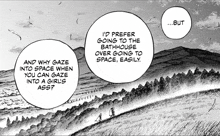 a black and white drawing of a landscape with the words " i 'd prefer going to the bathhouse "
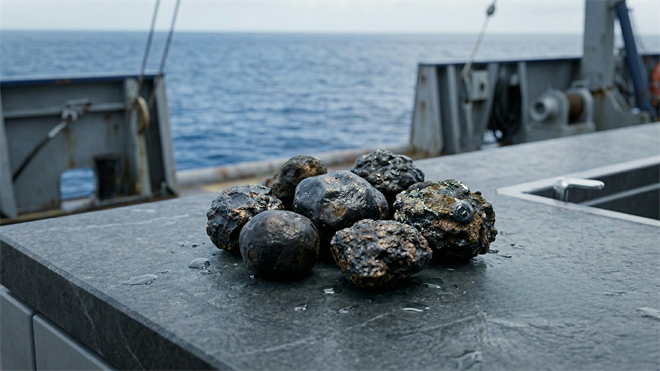 Deep-sea mineral nodules on a ship deck, highlighting The Metals Company's ocean mining operations for battery metals.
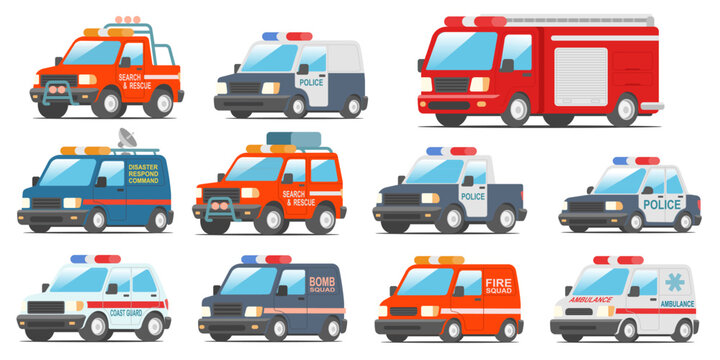 Set of emergency response vehicles in clean flat style, including police, rescue, ambulance, fire, and command units; ideal for infographics, training visuals, and safety materials; vector illustratio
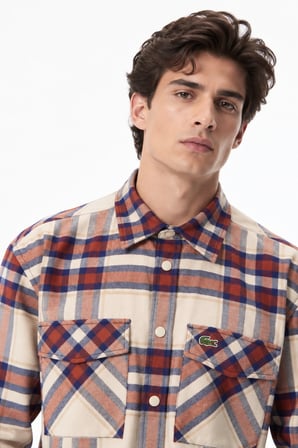 Lacoste Men's Relaxed Fit Button-Down Linen Shirt  Rahat Kesim Pamuklu Kareli Erkek Çıt Çıt Düğmeli Gömlek Turuncu-Krem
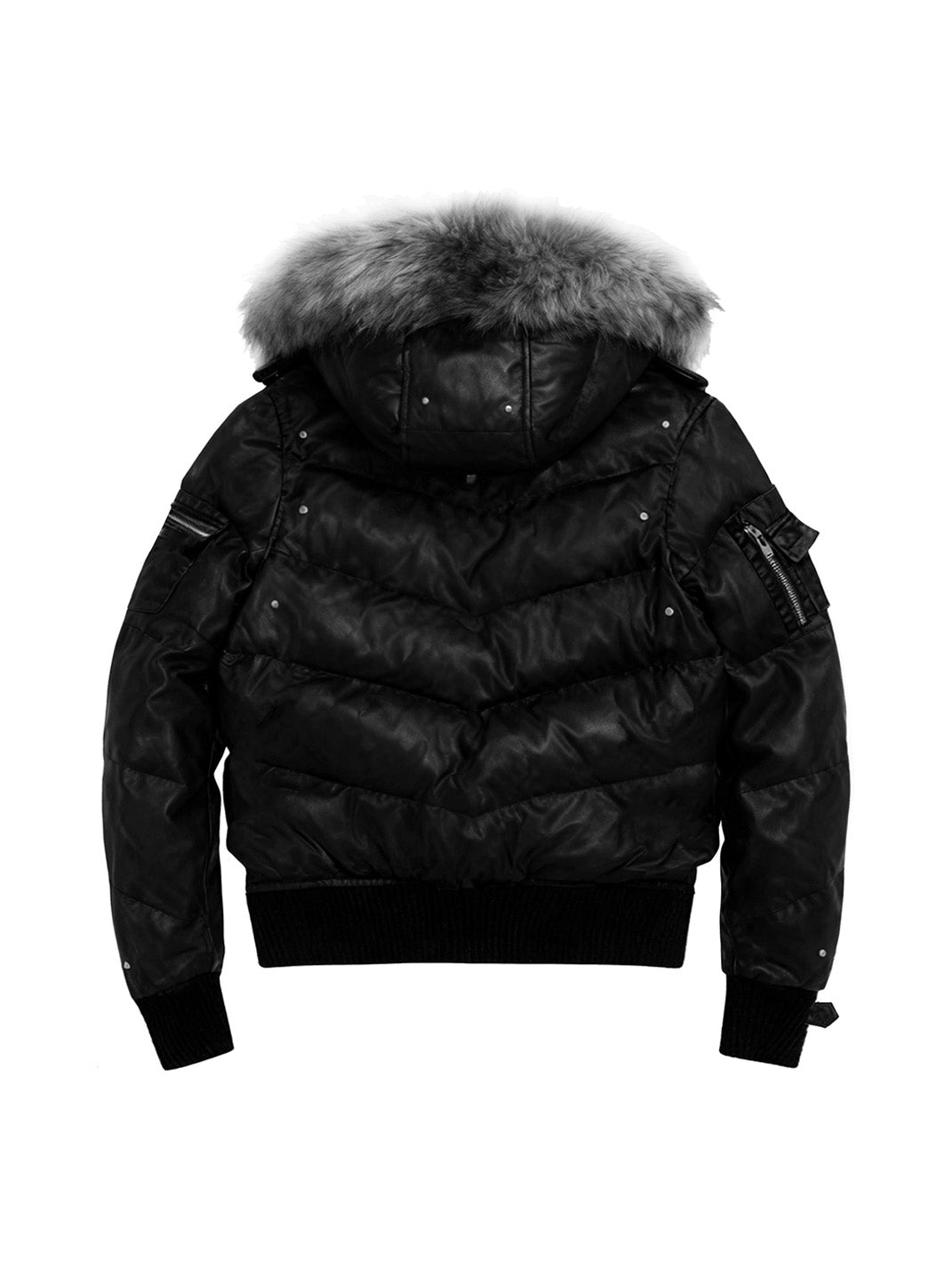 Metallic Faux-Fur Hooded Down Jacket - View 4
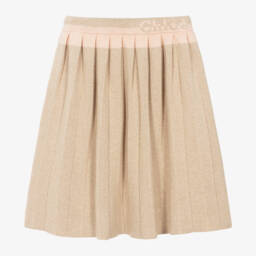 Chloé-Girls Beige Knit Pleated Skirt | Childrensalon Outlet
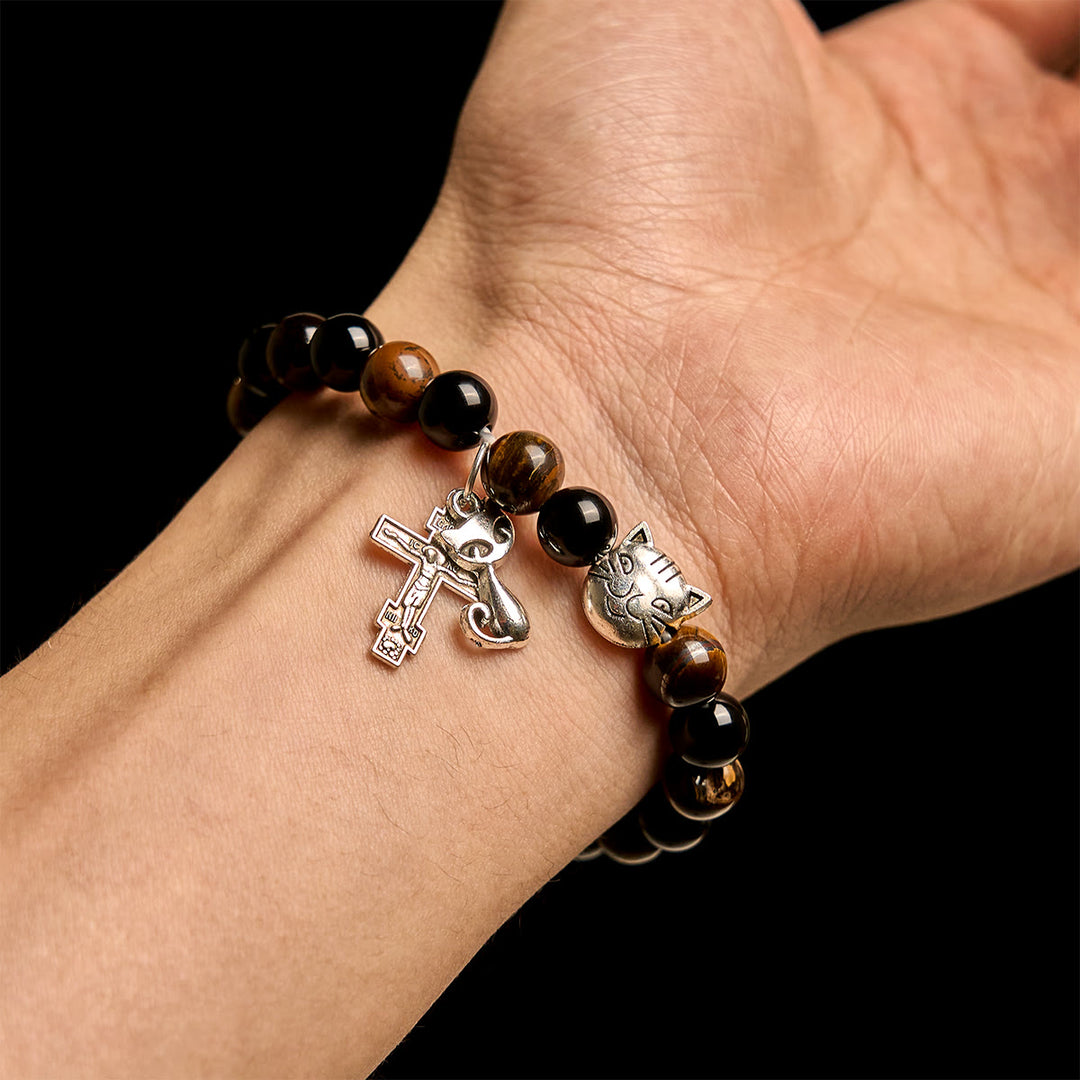 Christianartworkshop Faithful Tabby Cat with Brown Black Beads for Loving Prayer Bracelet, Animal Rosary - image 10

About this exercise »
Please copy, exactly as written, the lines from the one that contains "Set of emergency" through the end of the records, both ends included. Do not include the pictures.

Your response »
 Set of emergency response vehicles in clean flat style, including police, rescue, ambulance, fire, and command units; ideal for infographics, training visuals, and safety materials; vector illustratio
 Lacoste Men's Relaxed Fit Button-Down Linen Shirt  Rahat Kesim Pamuklu Kareli Erkek Çıt Çıt Düğmeli Gömlek Turuncu-Krem
 Metallic Faux-Fur Hooded Down Jacket - View 4
 Chloé-Girls Beige Knit Pleated Skirt | Childrensalon Outlet
 Christianartworkshop Faithful Tabby Cat with Brown Black Beads for Loving Prayer Bracelet, Animal Rosary - image 10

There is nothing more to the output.